Lately I've had my head down. I'm working a lot. I'm hanging in. Sometimes it feels like all I do is 'sits and thinks', which is a big part of the writing process, but it's also an annoying part. (Where are my dang pages? Why aren't they piling up like they used to?)
Last night I hung out with my friend who is a screen writer. She is all about structure and we had a great debate about plot structure and romance/erotica. (She has written four screenplays in that genre.) Personally, I'm not one for following the set formula, but it was hard to justify myself to her. Our conversation really got me thinking.

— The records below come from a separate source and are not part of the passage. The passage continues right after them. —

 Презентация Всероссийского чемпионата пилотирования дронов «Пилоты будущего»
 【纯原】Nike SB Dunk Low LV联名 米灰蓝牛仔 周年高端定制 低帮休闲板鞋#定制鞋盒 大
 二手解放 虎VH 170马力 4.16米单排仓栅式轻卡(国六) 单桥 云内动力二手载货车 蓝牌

Do love interests really have to have a 'cute meeting'? It makes me think of all the Meg Ryan movies I watched growing up. Goofy lady spills coffee on handsome guy. Their eyes meet. She's so cute, he doesn't care that his shirt is ruined. Maybe it's just me being a bad writer, but it seems a bit trite to follow these rules. But then I wonder how far a writer can veer out of the convention before the story totally falls apart and doesn't belong in the romance genre at all anymore.
I guess that's what I like about erotic fiction as opposed to romance. My understanding of erotic fiction is that encompasses anything that involves overtly sexual scenes that are intended to arouse. Plot structure is a bonus, but the story doesn't have to follow any kind of predictable unfolding.

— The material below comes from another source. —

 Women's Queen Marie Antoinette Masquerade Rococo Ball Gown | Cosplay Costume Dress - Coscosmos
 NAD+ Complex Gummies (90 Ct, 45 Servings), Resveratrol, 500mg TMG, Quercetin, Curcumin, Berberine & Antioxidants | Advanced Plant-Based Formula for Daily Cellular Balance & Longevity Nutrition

The challenge for me as a writer is that the formulas seem boring and trite and my impulse to write is at least partly motivated by a desire to step out of the mould. But to a certain extent you have to give the reader what the reader wants, especially in genre fiction. That's my understanding anyway. But doesn't the reader also want to step out of the tired old patterns?

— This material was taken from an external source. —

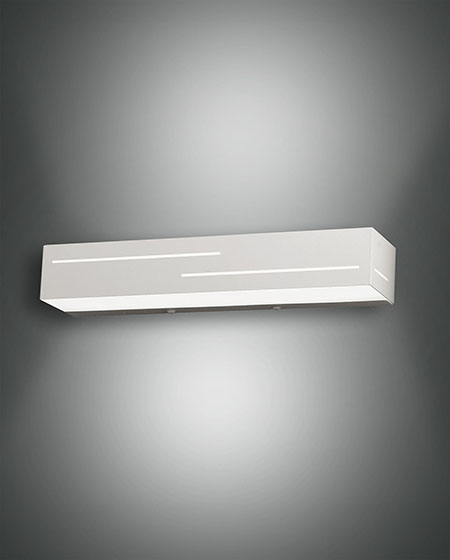 Φωτιστικό Τοίχου  Fabas Luce Banny LED 18W  Λευκό   1700lm Θερμό 3000K – 3618-21-102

Must there always be that beat where the main character sees her love interest with a beautiful woman and huffs off ready to break up only to discover later that her boyfriend has a sister?
I guess the real issue is this. I was happy writing erotic fiction for the past couple of years, but recently I have started to want to write romance. Erotic romance, of course. And with romance comes formulas and cliches. I guess it's like any other type of genre writing. It's best to work within the genre's form, but to find a way to tell a fresh story. That's the challenge.
I've got a couple of awesome characters on my hands these days. I'm a little bit in love with both of them, so that helps. They don't seem to want to behave the way characters in romance novels often behave. They struggle with grieving and ambitions and societal pressures and they're kind of quiet. (I wonder where they get that from - heh heh.) And there's a scene with a dying dog that I really don't want to take out, but any 'expert' on romance would tell me it doesn't belong in a romance. Nobody wants to think about dying pets. Not hot. Not appropriate. But the way my characters bond over the incident is pretty telling.
So I return to the poster wisdom from the counselor's office at my old high school. I am a chimpanzee scratching my chin. Hmmm. Sometimes I sits and thinks. Sometimes I just sits.